Adventurous and keen photography enthusiast Juan Luis Burriel, Boluda Towage and Salvage mechanic at the Valencia base, came up with the idea of taking a corporate photo on the Antarctic continent

“It was a personal challenge, and although anyone can reach the Antarctic nowadays, frankly I wouldn’t recommend the journey to anyone, particularly the two-day Drake Passage crossing each way, with ten-metre waves during the thousand kilometre voyage.” 37-year-old Juan Luis Burriel, Boluda Towage and Salvage mechanic at the tugboat base in Valencia, describes his trip to Antarctica between 26 March and 6 April this year, where he was keen that his stunning photographs of the expedition should include one of the Boluda Corporación Marítima logo on the peninsula of this southern continent.

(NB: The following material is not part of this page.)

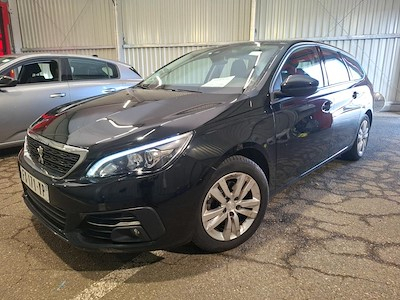Peugeot 308 SW 308 SW 1.5 BlueHDi 130ch S&amp;S Active Business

“Apart from Antarctica, I’ve already had adventures to Iceland and Norway, but it was the first time I was taking a corporate photo. I asked the Valencia chief of base Manuel Samper for some Boluda Corporación Marítima t-shirts. Although I was already very loaded down on the expedition with photography equipment weighing 12 kilos, I thought it would be a great idea to take a corporate photo to show my appreciation of the company,” explained Burriel.

After a thirteen-hour flight between Madrid and Buenos Aires, he took the four-and-a-half-hour journey from the Argentine capital to the southern Patagonia port of Ushuaia, the southernmost city in the world. Here he boarded the USHUAIA, an old, 84-metre-long oceangoing ship currently used for tourist expeditions, with 55 people from all over the world on board, as well as a group of ten fellow Valencian photography enthusiasts who also took part in the trip, organized by Objective Valencia.

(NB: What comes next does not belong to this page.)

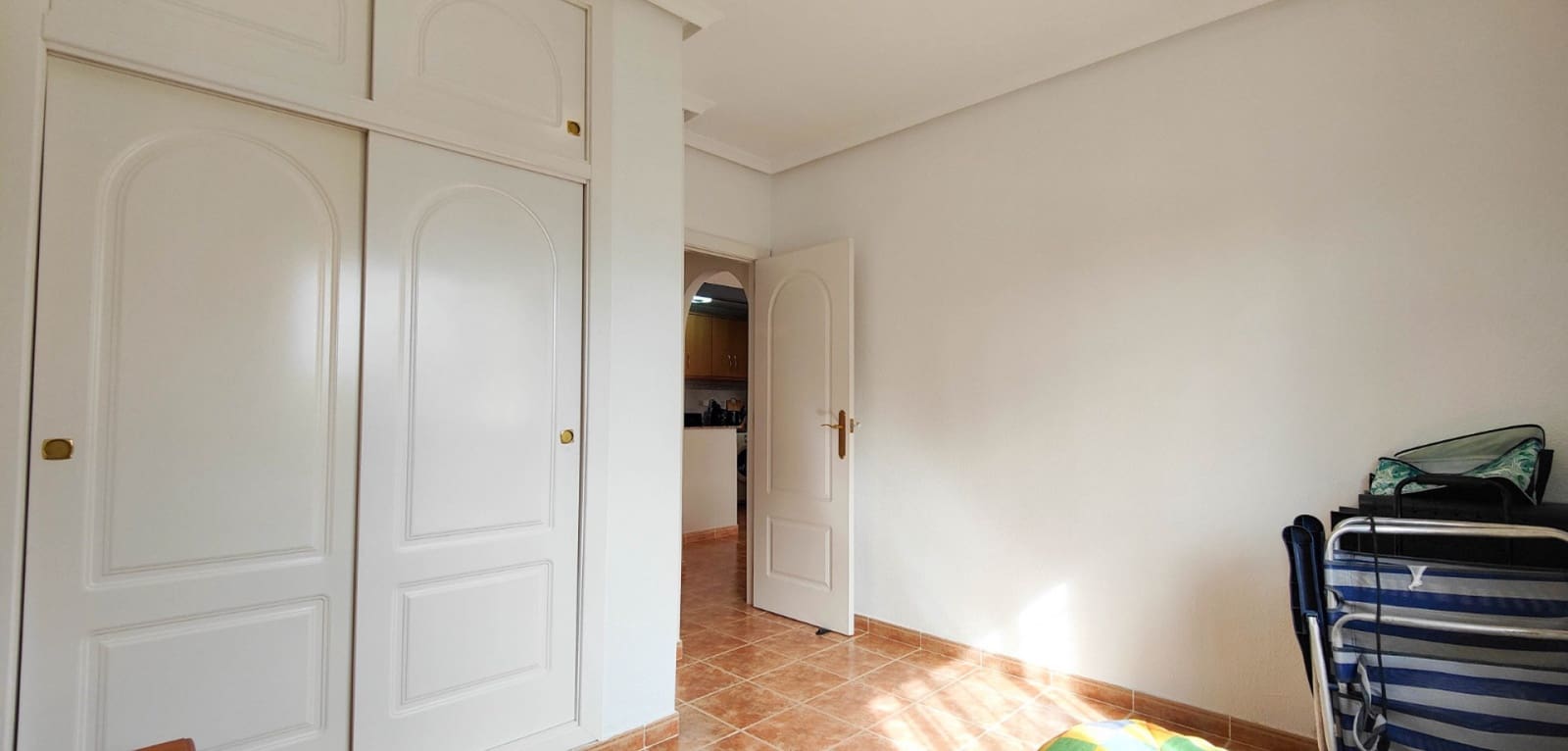 3 chambre Maison de Ville à vendre à La Florida avec piscine - 235 000 € (Ref: 9814623)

Juan Luis has been aware about climate change since childhood, when he was an avid reader of science fiction novels and topics related to Antarctica, as well as being “a very introspective person”. He has worked in the Boluda tugboat base in Valencia port since 2006, but his main hobby is landscape and night photography.

Recalling the journey, he recounts that after leaving the port of Ushuaia and sailing in the Beagle Channel for five hours, on passing the End of the World lighthouse in Tierra de Fuego the wind got up, with average gale force eight winds and peaks of gale force ten. The wind blew hard during the two days crossing the Drake Passage, where the Atlantic and Pacific oceans currents cross, together with the Antarctic convergence, on a ship rocked constantly by the waves. “Both nights I had to tie myself to the bed,” he added, “and one of the nights I remember a passenger calling for a doctor over a head gash that ended up needing seven stitches. The ship’s corridors were lined with sick bags. Reaching Antarctica has its price, luckily, and that price is Drake’s passage. Thanks to these drawbacks, despite having more square kilometres than Europe, Antarctica receives only 40,000 visitors per year, one percent of whom are Spanish.”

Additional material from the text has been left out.